PATROL Agent 9.5 - Part 2: When PATROL agent hangs

In the last post, we discussed how to detect when PATROL agent is unreachable including network down, server down, and PATROL agent down.  One of my readers asked me if the same method can be used to detect if PATROL agent hangs.

When PATROL agent hangs, PATROL agent process is still up with a heartbeat.  Therefore the method we discussed in the last post won't be able to tell if PATROL agent hangs.  When PATROL agent hangs, it just stops collecting data.

The best way to detect when PATROL agent hangs is to write your own script to check when the last data collection happened.  Pick up a common parameter with frequent data collection, e.g., /NT_CPU/CPU__Total/CPUprcrProcessorTimePercent on Windows.  By default, CPUprcrProcessorTimePercent is collected every minute.  When you query /NT_CPU/CPU__Total/CPUprcrProcessorTimePercent/time, you will receive the last data collection time stamp as Epoch time.  Compare this time with the current time stamp, you will know how long it has been since CPU data was last collected.  If it has been a while since CPU data was last collected (e.g. longer than 10 minutes), you can reasonably conclude that PATROL agent hangs.

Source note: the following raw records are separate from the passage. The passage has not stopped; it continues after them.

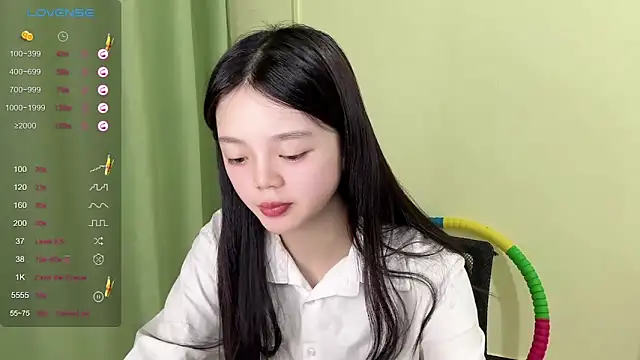 Nicole-13 online show from October 5, 2025, 12:51 pm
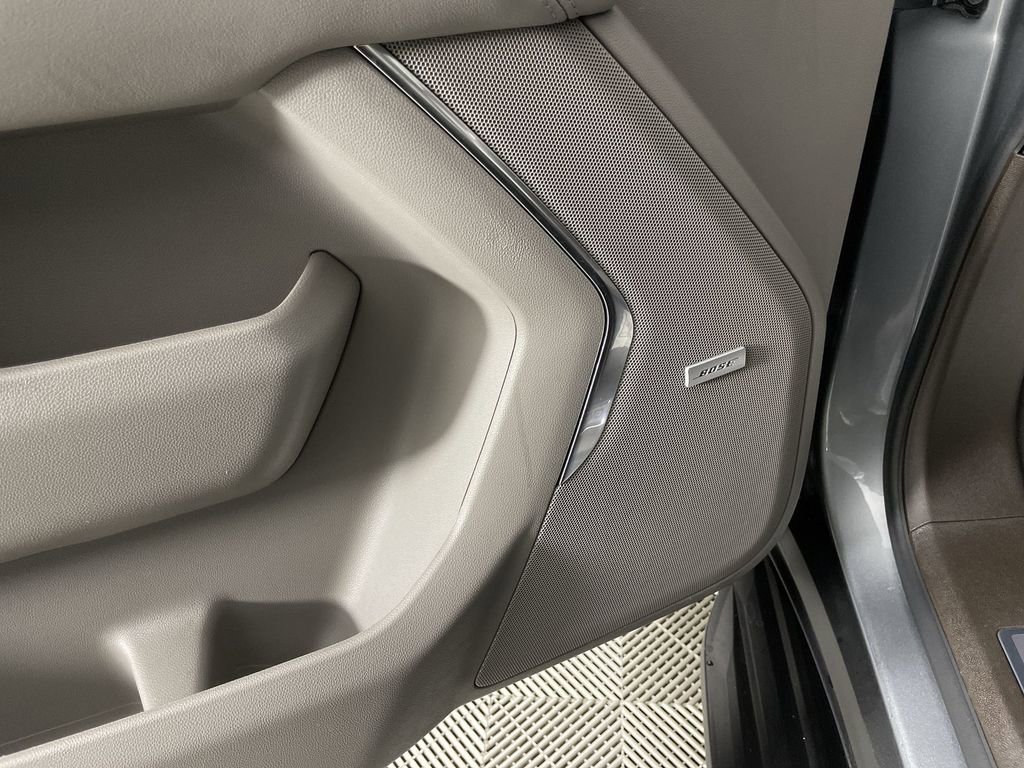 Used 2025 GMC Yukon XL Elevation image 23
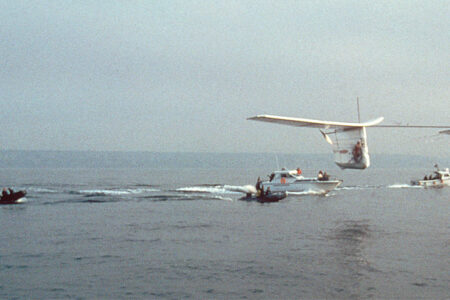 Albatross-along-the-way-across_rot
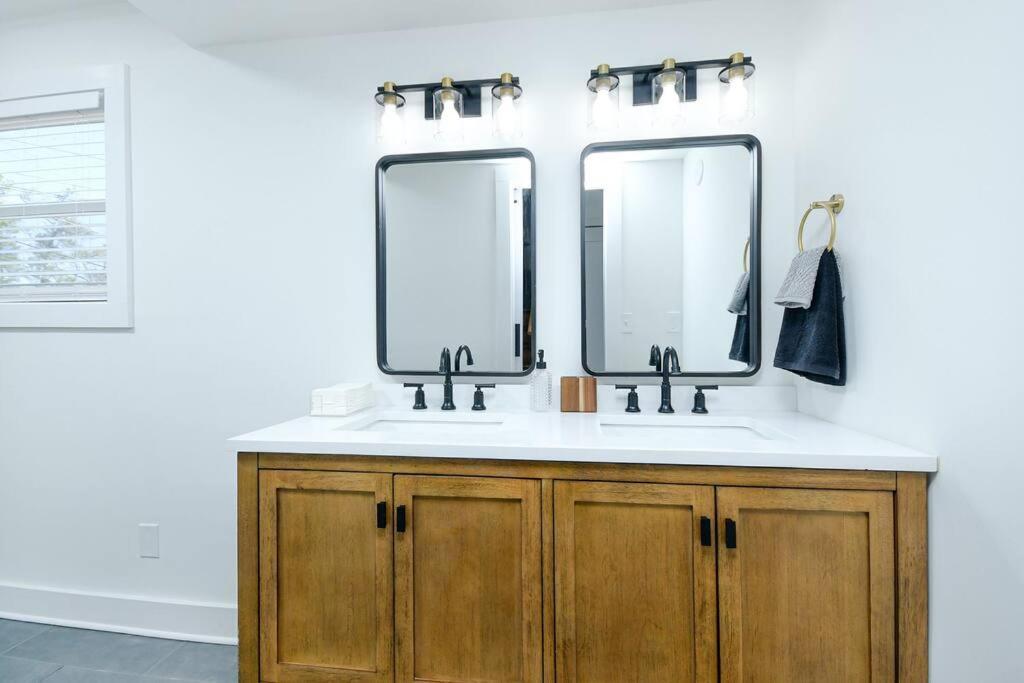 Stylish Getaway Near Atl Airport & Downtown! Atlanta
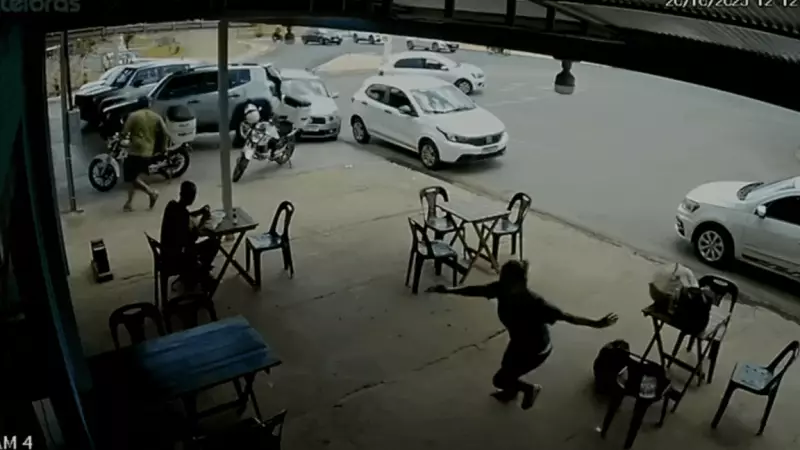 Carro desgovernado invade sorveteria e causa terror em MT; veja o vídeo chocante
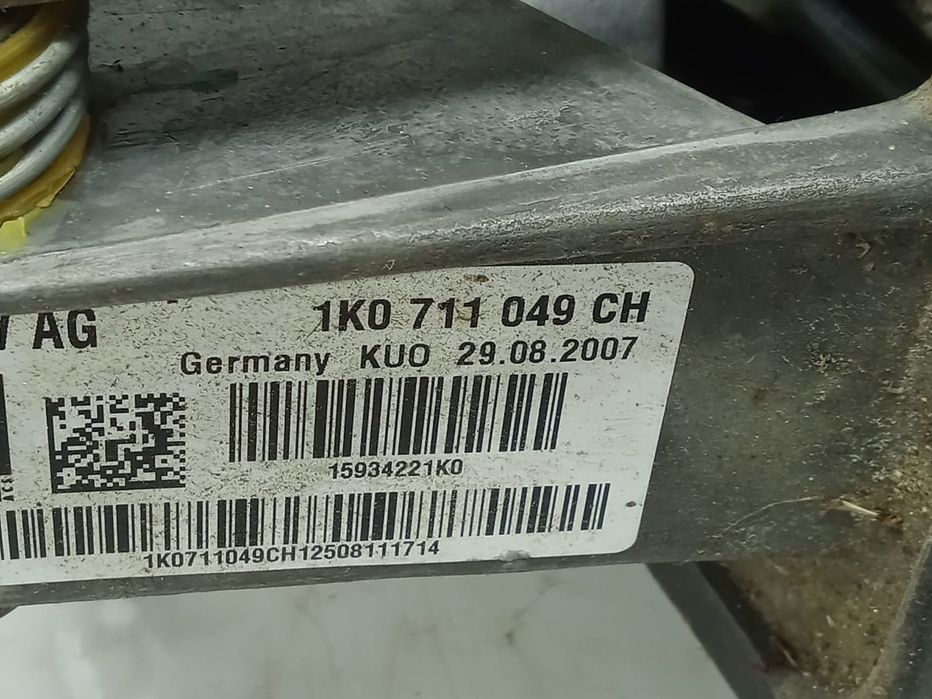 Timonerie manuala 5 trepte 1k0711049CH Skoda Yeti 1 (facelift) (2013 - 2018)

You can use PatrolCli to query /NT_CPU/CPU__Total/CPUprcrProcessorTimePercent/time.  PatrolCli is an executable program installed automatically with PATROL agent under $PATROL_HOME/bin directory.  It allows you to connect to any PATROL agent in your network with the right password and permission.  And it allows you to run a subset of PSL commands from command line.  Type 'PatrolCli' from the command line and use 'help' command to see all the commands it supports.

Because you are trying to detect if PATROL agent hangs, it would be the best to use a mechanism outside of PATROL framework to schedule your script and send out the alerts.  For example, you can use cron on UNIX or scheduled task on Windows to run your script periodically.  When you detect PATORL agent hangs, you can send alert emails or use msend command to directly report your alerts to BPPM/BEM cell.

I will be out of country and won't be able to post any blogs for the next two weeks.  This blog will resume on July 21, 2014.  Have a great summer!

Monday, June 23, 2014

PATROL Agent 9.5 - Part 1: When PATROL agent is unreachable

I got a question recently regarding to the best way to monitor PATROL 9.5 agent health.  In one of my older post "Monitoring PATROL Agent 9.x Status: Do I need AS_AVAILABILITY KM?", I discussed using MC_CELL_HEARTBEAT_FAILURE event instead of AS_AVAILABILITY KM to detect a condition when a PATROL agent is not responding. This still applies to PATROL agent version 9.5.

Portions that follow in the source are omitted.